Post-ISIS, the first Catholic Church is re-consecrated on Nineveh Plains
MARKING the Feast of the Immaculate Conception Dec. 8, 2017, the Christian community of Telleskuf, a Christian town on Iraq’s Nineveh Plains, gathered for the re-consecration of the first church after the expulsion of ISIS from the region: the Chaldean Catholic church of St. George.
For Chaldean Archbishop Bashar Matti Warda of Erbil, Kurdistan, the festive occasion was a symbol of hope and victory. “It is a message of hope and victory,” he said, adding: “ISIS wanted to eliminate the Christian presence here—but ISIS is gone and the Christians of Telleskuf are back.”
St.
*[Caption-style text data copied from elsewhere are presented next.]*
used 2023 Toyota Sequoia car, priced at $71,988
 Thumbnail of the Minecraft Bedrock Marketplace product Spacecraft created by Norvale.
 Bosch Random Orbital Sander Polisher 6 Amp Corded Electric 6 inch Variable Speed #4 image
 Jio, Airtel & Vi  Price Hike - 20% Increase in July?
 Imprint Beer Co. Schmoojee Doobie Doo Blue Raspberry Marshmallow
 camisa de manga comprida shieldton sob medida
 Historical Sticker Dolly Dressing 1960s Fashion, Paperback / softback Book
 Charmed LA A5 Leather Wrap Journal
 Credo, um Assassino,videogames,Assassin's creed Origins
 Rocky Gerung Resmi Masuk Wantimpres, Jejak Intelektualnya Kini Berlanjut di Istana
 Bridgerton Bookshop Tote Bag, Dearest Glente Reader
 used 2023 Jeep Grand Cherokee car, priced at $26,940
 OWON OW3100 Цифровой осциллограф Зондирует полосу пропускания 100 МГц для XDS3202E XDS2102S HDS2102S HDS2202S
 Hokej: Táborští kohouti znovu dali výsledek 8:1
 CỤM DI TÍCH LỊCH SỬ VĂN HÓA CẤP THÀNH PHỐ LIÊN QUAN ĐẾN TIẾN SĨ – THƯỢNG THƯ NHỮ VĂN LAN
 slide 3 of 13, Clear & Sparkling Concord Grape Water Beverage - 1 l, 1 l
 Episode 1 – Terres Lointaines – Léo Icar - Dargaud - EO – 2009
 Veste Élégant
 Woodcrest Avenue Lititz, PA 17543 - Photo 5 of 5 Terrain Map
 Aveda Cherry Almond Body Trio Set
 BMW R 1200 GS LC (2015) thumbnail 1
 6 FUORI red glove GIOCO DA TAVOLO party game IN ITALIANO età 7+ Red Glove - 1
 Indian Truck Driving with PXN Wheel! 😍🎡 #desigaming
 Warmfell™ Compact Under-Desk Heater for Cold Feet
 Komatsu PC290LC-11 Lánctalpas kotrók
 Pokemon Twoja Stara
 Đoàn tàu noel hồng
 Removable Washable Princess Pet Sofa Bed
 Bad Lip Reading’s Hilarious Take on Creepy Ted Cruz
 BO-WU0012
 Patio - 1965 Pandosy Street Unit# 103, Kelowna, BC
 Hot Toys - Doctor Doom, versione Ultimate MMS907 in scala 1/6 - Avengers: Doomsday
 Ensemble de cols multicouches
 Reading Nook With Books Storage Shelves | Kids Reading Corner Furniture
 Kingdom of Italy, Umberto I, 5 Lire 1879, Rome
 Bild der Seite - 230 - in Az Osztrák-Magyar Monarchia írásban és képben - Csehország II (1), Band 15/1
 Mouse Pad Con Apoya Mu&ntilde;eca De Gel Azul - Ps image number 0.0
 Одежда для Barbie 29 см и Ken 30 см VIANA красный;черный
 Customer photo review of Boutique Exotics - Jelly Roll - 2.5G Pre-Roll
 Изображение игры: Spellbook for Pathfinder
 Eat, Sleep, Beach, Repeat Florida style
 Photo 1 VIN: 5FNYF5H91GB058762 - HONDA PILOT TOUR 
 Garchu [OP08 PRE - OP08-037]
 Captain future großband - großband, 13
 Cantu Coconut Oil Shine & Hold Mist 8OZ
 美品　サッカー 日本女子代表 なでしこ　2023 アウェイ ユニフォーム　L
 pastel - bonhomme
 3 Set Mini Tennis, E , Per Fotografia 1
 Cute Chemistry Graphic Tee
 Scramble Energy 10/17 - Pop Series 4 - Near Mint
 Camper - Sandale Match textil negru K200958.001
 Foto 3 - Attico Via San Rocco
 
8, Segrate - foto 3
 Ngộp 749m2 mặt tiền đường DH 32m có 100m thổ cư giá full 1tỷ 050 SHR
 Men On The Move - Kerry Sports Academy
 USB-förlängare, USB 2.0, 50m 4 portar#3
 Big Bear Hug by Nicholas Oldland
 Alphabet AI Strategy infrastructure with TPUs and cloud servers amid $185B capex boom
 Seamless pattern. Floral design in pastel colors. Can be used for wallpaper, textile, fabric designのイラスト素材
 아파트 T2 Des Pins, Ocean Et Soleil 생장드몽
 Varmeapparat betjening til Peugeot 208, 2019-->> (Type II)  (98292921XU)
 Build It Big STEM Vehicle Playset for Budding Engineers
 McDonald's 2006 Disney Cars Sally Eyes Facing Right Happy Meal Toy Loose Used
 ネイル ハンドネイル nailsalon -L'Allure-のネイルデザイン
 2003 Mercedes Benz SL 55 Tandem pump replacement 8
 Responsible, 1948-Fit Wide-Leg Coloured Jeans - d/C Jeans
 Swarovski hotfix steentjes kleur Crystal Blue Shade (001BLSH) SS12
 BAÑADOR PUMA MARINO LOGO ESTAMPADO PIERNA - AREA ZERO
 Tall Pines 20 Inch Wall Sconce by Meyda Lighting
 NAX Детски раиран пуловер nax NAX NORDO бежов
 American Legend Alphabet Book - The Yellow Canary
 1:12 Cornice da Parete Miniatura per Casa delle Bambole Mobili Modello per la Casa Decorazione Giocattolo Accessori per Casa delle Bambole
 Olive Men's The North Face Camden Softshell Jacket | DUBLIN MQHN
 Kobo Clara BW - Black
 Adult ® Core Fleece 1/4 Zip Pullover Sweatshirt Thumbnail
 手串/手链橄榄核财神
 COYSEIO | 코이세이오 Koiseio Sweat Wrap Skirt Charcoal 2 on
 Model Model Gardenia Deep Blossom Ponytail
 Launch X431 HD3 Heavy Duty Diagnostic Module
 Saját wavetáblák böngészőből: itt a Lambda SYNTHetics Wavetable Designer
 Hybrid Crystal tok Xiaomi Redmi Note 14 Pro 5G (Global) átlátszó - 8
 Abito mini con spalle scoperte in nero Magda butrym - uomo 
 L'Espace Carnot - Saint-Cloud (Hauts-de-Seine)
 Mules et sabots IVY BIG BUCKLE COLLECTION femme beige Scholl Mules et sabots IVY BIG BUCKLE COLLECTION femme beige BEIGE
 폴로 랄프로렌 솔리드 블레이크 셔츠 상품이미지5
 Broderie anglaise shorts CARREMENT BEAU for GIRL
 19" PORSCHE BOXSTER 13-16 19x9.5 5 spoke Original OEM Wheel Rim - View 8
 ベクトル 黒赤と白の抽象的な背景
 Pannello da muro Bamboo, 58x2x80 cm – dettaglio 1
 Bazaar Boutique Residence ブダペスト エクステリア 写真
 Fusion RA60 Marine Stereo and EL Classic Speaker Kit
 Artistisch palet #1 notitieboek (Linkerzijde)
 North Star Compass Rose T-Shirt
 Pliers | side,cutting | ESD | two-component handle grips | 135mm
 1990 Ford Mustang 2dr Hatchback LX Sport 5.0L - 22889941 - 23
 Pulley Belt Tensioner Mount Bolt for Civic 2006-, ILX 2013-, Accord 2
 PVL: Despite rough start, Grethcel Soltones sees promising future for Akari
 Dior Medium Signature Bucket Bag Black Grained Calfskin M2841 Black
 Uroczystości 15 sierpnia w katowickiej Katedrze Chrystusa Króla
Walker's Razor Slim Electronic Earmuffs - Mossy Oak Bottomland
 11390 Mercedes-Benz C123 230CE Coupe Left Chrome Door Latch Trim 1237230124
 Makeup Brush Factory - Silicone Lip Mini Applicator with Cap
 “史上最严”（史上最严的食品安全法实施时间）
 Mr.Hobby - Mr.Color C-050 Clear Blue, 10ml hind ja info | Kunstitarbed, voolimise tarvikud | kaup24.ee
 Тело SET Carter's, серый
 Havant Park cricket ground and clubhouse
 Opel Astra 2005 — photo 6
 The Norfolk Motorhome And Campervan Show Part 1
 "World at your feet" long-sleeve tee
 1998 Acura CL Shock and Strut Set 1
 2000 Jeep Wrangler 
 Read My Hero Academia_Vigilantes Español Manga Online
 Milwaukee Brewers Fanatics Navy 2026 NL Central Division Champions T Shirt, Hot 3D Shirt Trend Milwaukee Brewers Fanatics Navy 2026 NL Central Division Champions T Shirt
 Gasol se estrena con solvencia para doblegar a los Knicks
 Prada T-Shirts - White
George’s was severely damaged, ransacked and desecrated under the ISIS occupation of Telleskus. Costly repairs were funded by the government of Hungary as well as by our organization. Archbishop Warda told us: “The opening of the church of St. George in Telleskuf will be a powerful incentive to the other Christian towns and villages.”
The archbishop said: “I am moved by the fact that the church of St. George has not only been reopened, but that it has become more beautiful and glorious than before. That is the way God’s Providence work.”
With funding from various sources, the Chaldean patriarchate has also been able to invest in the rebuilding of the village of Telleskuf, which was home to some 1,500 Chaldean families before the invasion by ISIS in summer 2014. Archbishop Warda reported that “two-thirds of the population has already returned, and so it was necessary to send out a clear signal that the Church too would be resuming her normal activities.”
Aid to the Church in Need helped with a contribution of $120,000 for the rebuilding of the church of St. George. We are aiming to support the repair and renovation of two other churches on the Nineveh Plains, a Syriac-Catholic church as well as a Syriac-Orthodox church.
Archbishop Warda expressed his gratitude to our organization and its donors: “A huge thank you to all who have made it possible for us to celebrate the ‘victory of our return.’ ISIS thought they could eliminate us, and yet it is ISIS that has disappeared and we have returned to Telleskuf. The reopening of this church will remain a powerful symbol to all the other villages and reinforces us in our determination to rebuild them. Thanks to you, we can once more praise God here and the Christian presence can be preserved in this place.”
As of early December, the total number of Christian families who have returned to the Nineveh Plains has grown to 6330, which represents a third of all those families who were forced to flee in 2014 when their communities were overrun by ISIS. During the month of November, 1,147 families returned to their villages, more than half (771 families) moved back to Qaraqosh. Among the nine Christian towns and villages on the Nineveh Plains, Telleskuf has the highest percentage (67%) of returnees.